Car enfin, s'il n'y a qu'une seule conscience en toute chose, pourquoi n'ai-je pas conscience de toutes choses ? S'il n'y a qu'une seule conscience en tous les corps, pourquoi ne ressens-je les souffrances que de "mon" corps ? 

Dans l'expérience brute, le plus fort degré de crédibilité, l'expérience brute, est la réponse. Elle s'épanouit avant le langage, ou presque. Pour moi, c'est cela qui compte le plus. J'aime spéculer, mais j'aime spéculer parce que je sais ce qu'est l'expérience brute. En sécurité à la maison partout, je suis libre de me montrer curieux. Cette sécurité est la base de la liberté. Libre d'être victime de tromperie verbale, je suis libre pour verbaliser.
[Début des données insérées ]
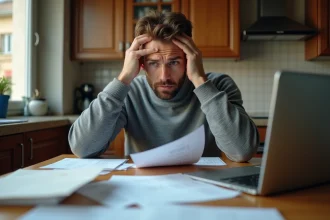 Homme stressé devant des factures impayées et un ordinateur portable dans une cuisine modeste, illustrant la problématique des loyers impayés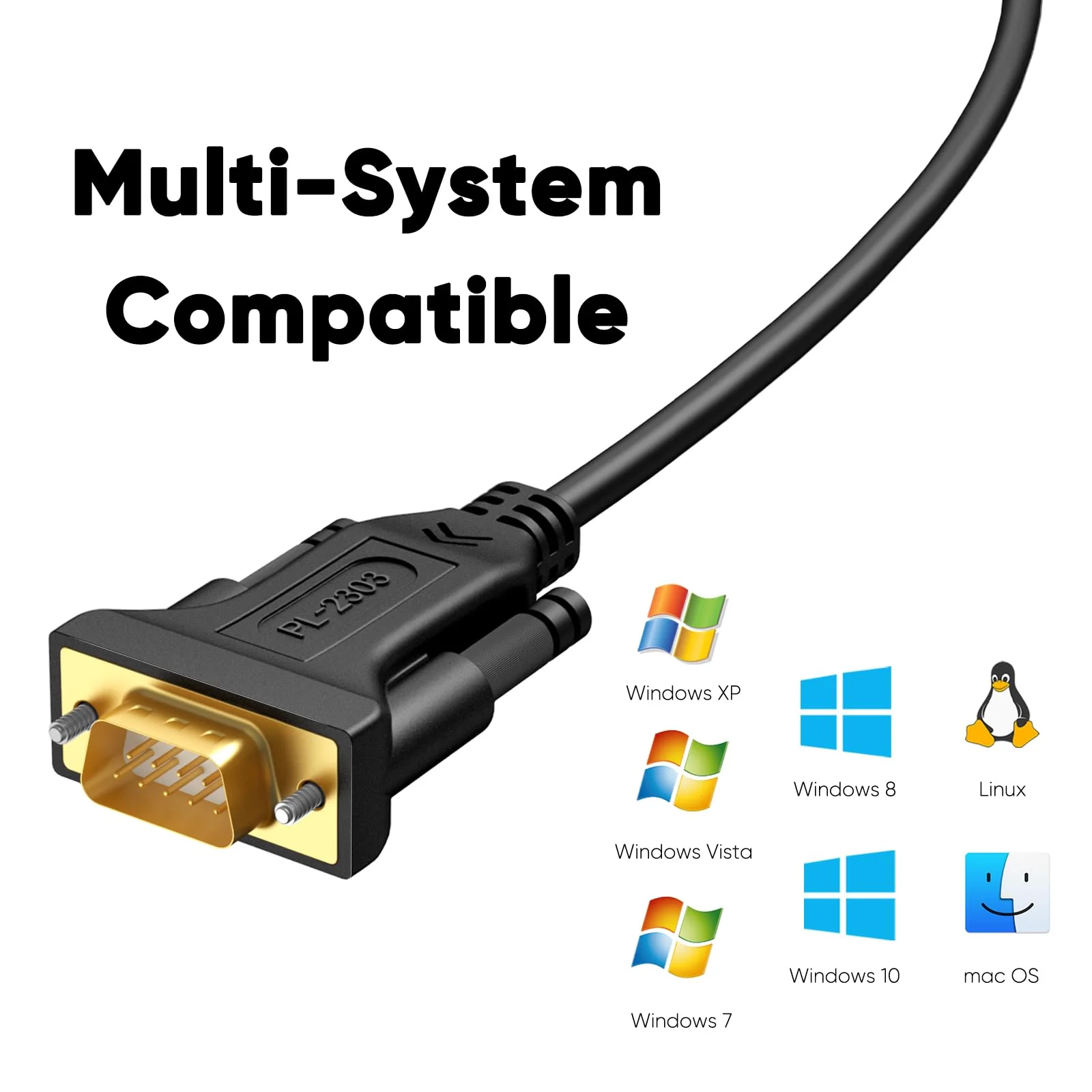 CableCreation USB to RS232 Serial Cable 3M, DB9 Adapter (PL2303 Chipset) Support Cashier Register, Modem, Scanner, Digital Cameras, CNC etc, 10FT /Black 1 - Image 4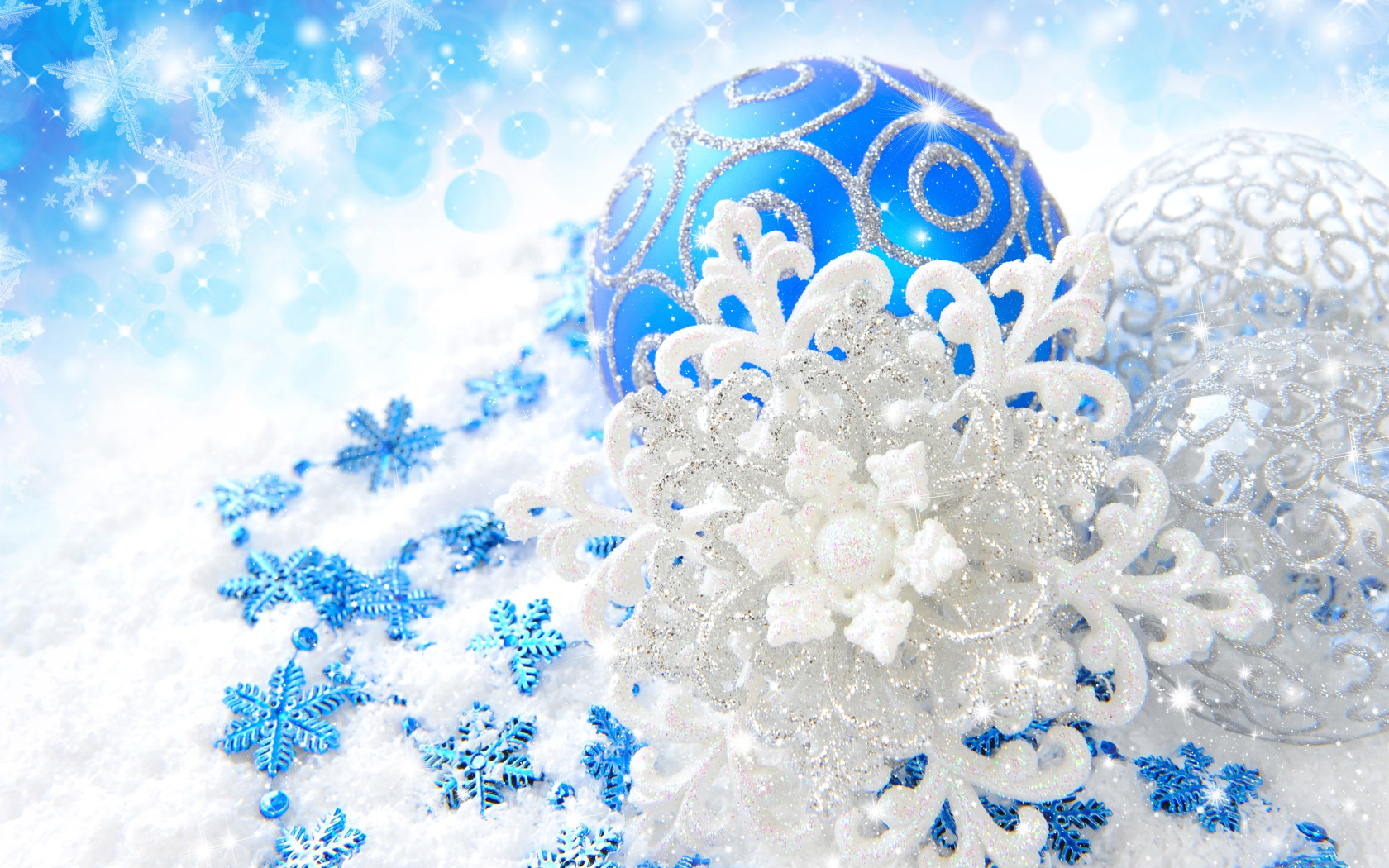 1680x1050 Blue and Silver Christmas Wallpaper Free Blue and Silver Christmas Background, Desktop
Les affirmations du degré 2 proposent des réponses basées sur l'expérience. Mais ce sont quand même des interprétations. Celles du degré 3 proposent des réponses, certes, mais plus éloignées de l'expérience. Par exemple, je peux répondre que "Je suis une seule conscience qui joue à se diviser en plusieurs, comme dans une dissociation psychique." Mais ici, voyez-vous, je ne me suffis plus de l'expérience brute. Je construis des hypothèses. Cela se fait à l'intérieur de cette expérience, dans cet espace, certes, mais cela est moins crédible, car cela prête davantage le flanc aux objections. C'est une hypothèse. Pas l'expérience brute.

Ainsi, il faut bien distinguer entre l'expérience brute et les interprétations que nous pouvons en faire.

De fait, les affirmations de degré 2 ou 3 m'apportent de la joie, mais pas toujours. 

En revanche, c'est très différent au degré 1, celui de l'expérience brute, muette. 
Pour être encore plus précis, en cet expérience, je ne sais rien. Ou je sais tout. Ici, les mots perdent leur sens. Ou pas même. Les mots ne servent à rien. Ils sont comme "des voleurs dans une maison vide". C'est trop simple. Cette expérience n'est pas "une expérience". Juste un arrêt. Très clair. Mais insaisissable.

Si je suis absolument honnête, le cœur de ce que je partage, c'est ça.

Le reste est plus ou moins spéculatif, plus ou moins important. Pas essentiel, pas au même degré.
L'expérience parle. Elle ne peut pas ne pas parler. Et ainsi se trahir.
En tous les cas il est important de revenir à l'expérience brute, telle qu'elle se donne. Et pour spéculer, j'ai la raison.
Tout reprendre à zéro. Encore et encore. Sinon, nous finissons prisonniers de notre propre jungle. 
La culture intérieure, c'est comme l'agriculture.